Colwill said some larger farmers have told him it will cost them thousands of dollars up front and they might get back hundreds if they fill out the forms.

As it will be across rural Canada, the Liberal carbon tax will be a tough sell in Atlantic Canada where most of the Liberals’ remaining rural seats reside.

Don Mills, president of Halifax polling company Corporate Research Associates, said a poll being published this week shows opposition to the carbon tax running two to one in the region.

“One of the predominant issues among Atlantic Canadians is heating and fuel costs and that will become more pronounced as we move toward the heating season,” he said Sept. 7. “This will be a real burden for the Liberals.”

In the Island’s four ridings, three of them overwhelmingly rural, the Conservatives are leaping on the issue with joy.

“The carbon tax is going to be a key part of the campaign,” said candidate Mary Crane, who is trying to unseat five-term Liberal Wayne Easter. “It is a devastating policy for rural P.E.I.”

“The big issue here is going to be the carbon tax,” said Philip Brown, a former P.E.I. Federation of Agriculture president, provincial MLA and cabinet minister and campaign manager for neighbouring Egmont Conservative candidate Gail Shea, considered by many to be the best party hope of ending a 20-year drought for Conservative federal politicians on the Island.

“It will have a tremendous impact on farmers and rural P.E.I and we don’t know its full impact but it will hit every part of the production chain. People are scared.”

Easter insists that recent changes to include rebates and incentives for farmers will make the proposal more salable.

He plans to campaign hard on the argument that all parties have a carbon tax in their environmental program but only the Liberals are being honest about the cost while offering farmers offsets.

“I feel confident that even if voters have a problem with the Green Shift, they will support me anyway,” he said Sept. 7. “We will have to get the message out that other parties’ plans will cost more, including the Conservatives, but they are not being honest and transparent.”

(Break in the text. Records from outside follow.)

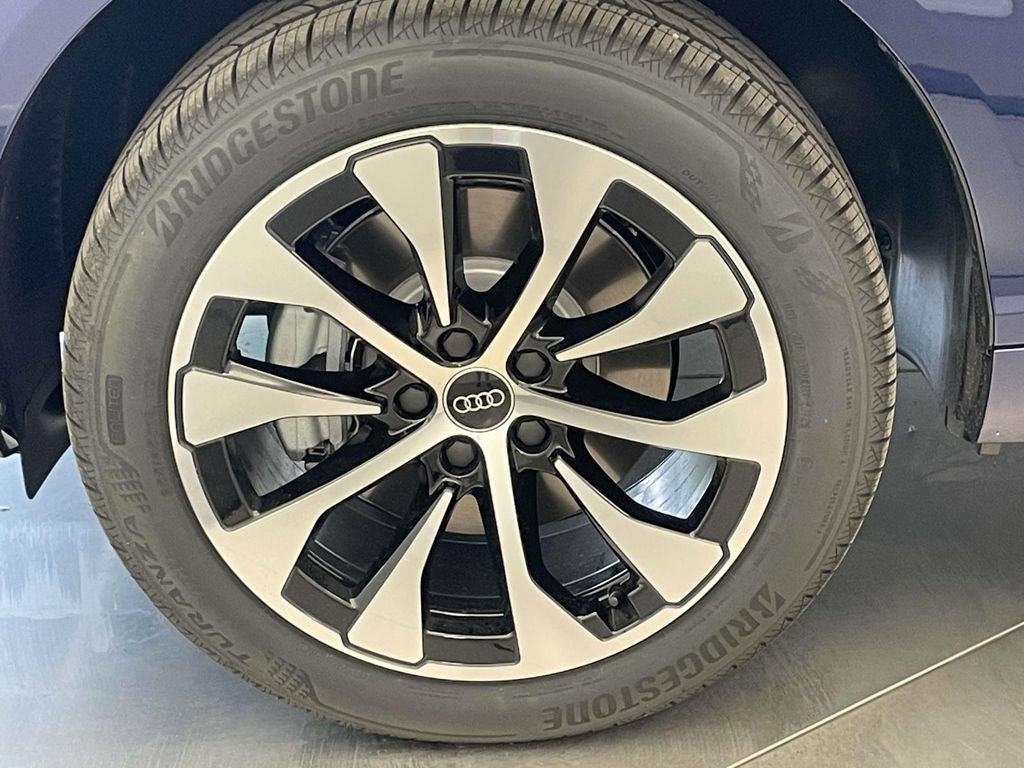 New 2026 Audi Q3 quattro 2.0T AWD/4WD image 11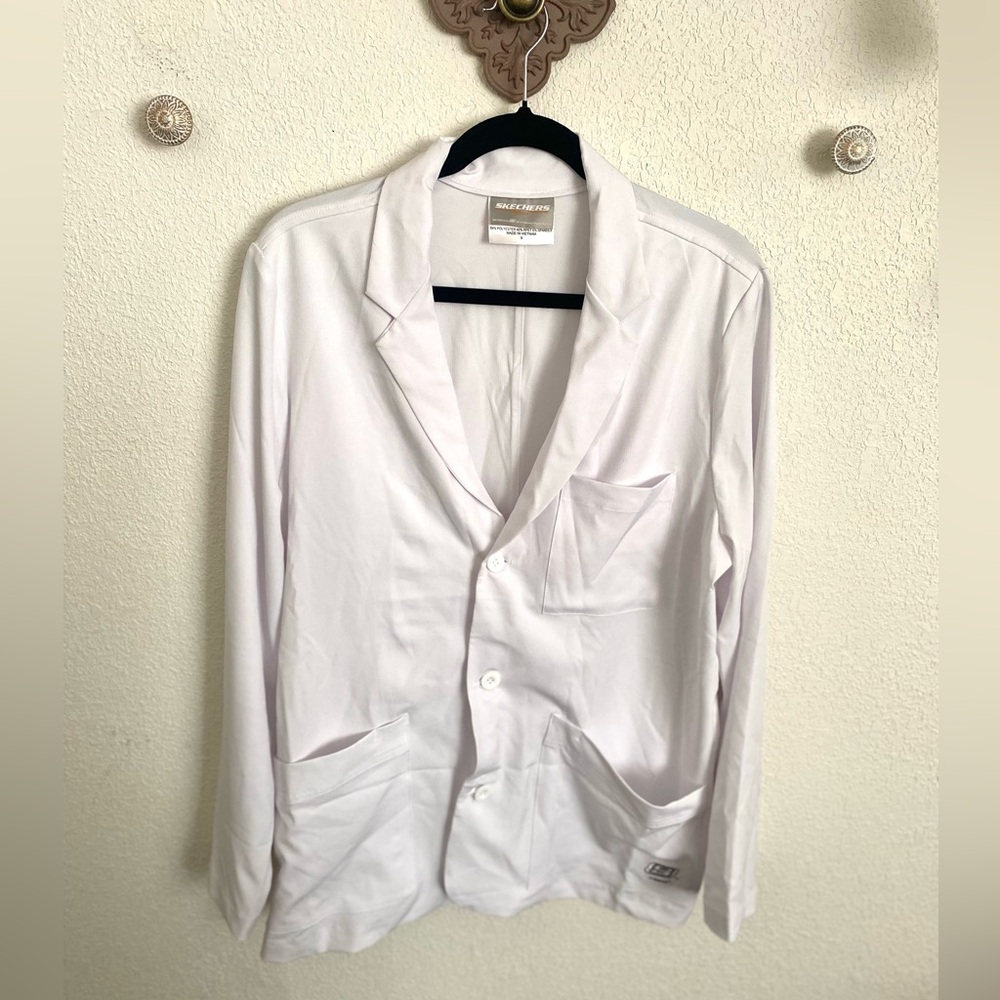 Sketchers white lab coat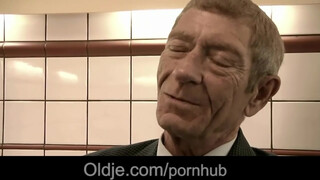 Magyar pornósztár picsa szexel idős krapekkal - Oldje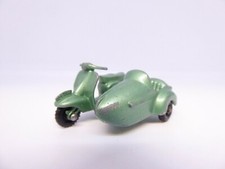 MATCHBOX - LESNEY - LAMBRETTA - SCOOTER - VESPA - SIDE CAR - VERT / GREEN - TOP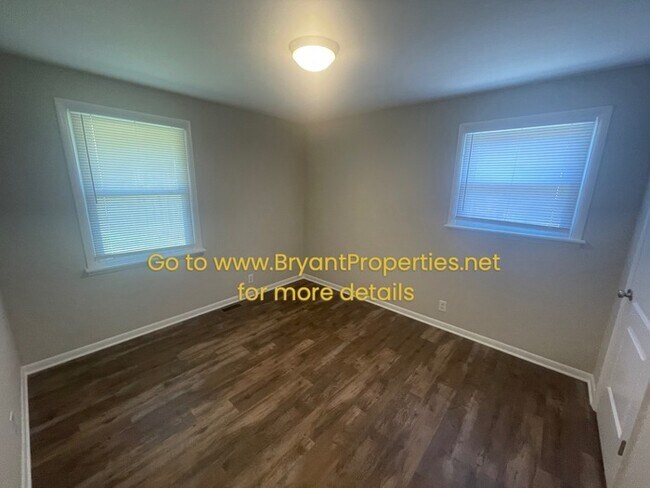 Building Photo - Duplex - 2 Bedroom, 1-Bath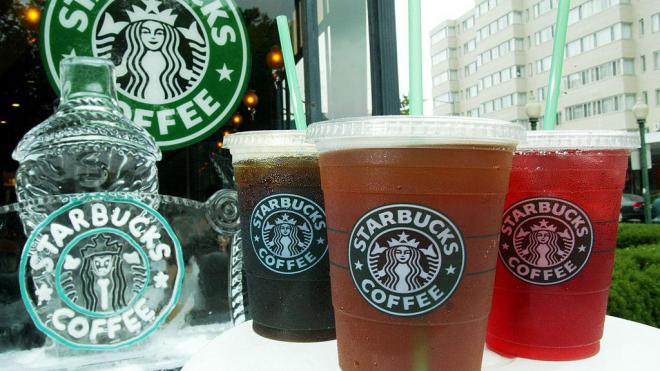  Клиент подал иск к Starbucks на $5 млн из-за льда в напитках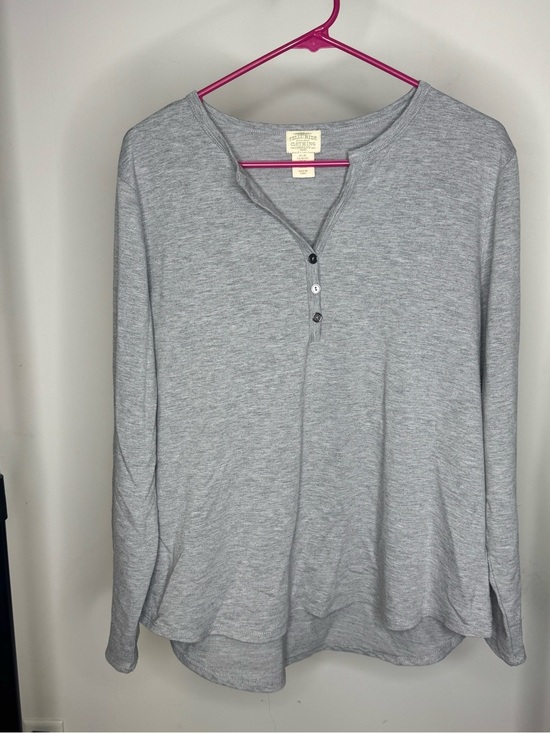 Telluride Clothing Company Tops - Cozy Heather Gray Long Sleeve Henley Top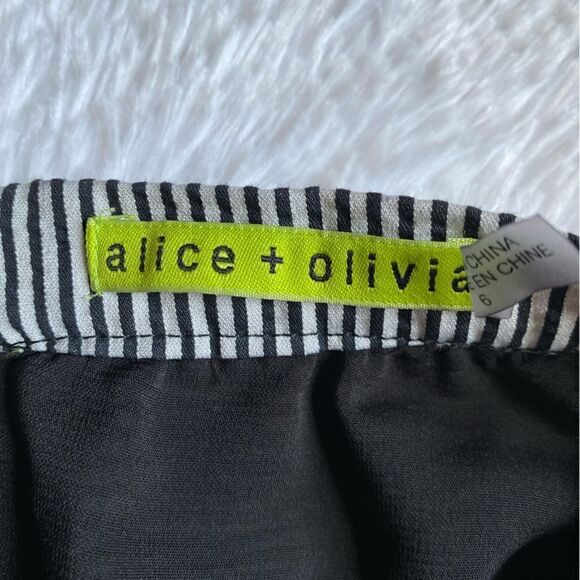Alice + Olivia Francy’s Skirt Striped Mini Elastic Waist Zipped Back Lined Sz 6 - Picture 9 of 10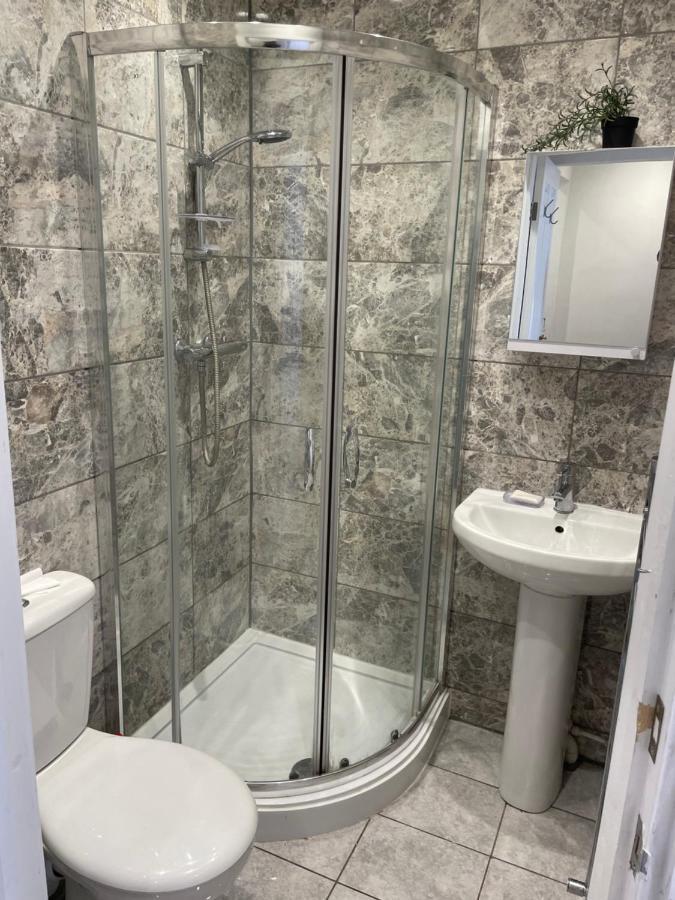 Self-Contained Flat On The 2Nd Floor You Will Share With One Other Guest, In A Family House 2 Minutes Walk From Tufnell Park Station 2Nd Floor With Stairs Лондон Екстериор снимка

Joe McGuire, retiring as Egmont Liberal MP after 20 years, conceded that defending the carbon tax will be a drag on Liberals. The best response will be to change the channel, to deflect attention by raising other issues.

“If the election turns on the Green Shift, it will be a problem but there are many other issues and I believe the party strategy has to be to highlight those other issues,” he said Sept. 7. “But defending Green Shift will be tough because it is complicated and it is easier for people to believe something bad is going to happen than something good.”

Pollster Mills said the Conservatives seem to have succeeded in framing the Green Shift as a tax grab that will hurt many rather than as a neutral environmental policy.

“It is going to be a tough sell and the Conservatives will try to make it one of the key issues.”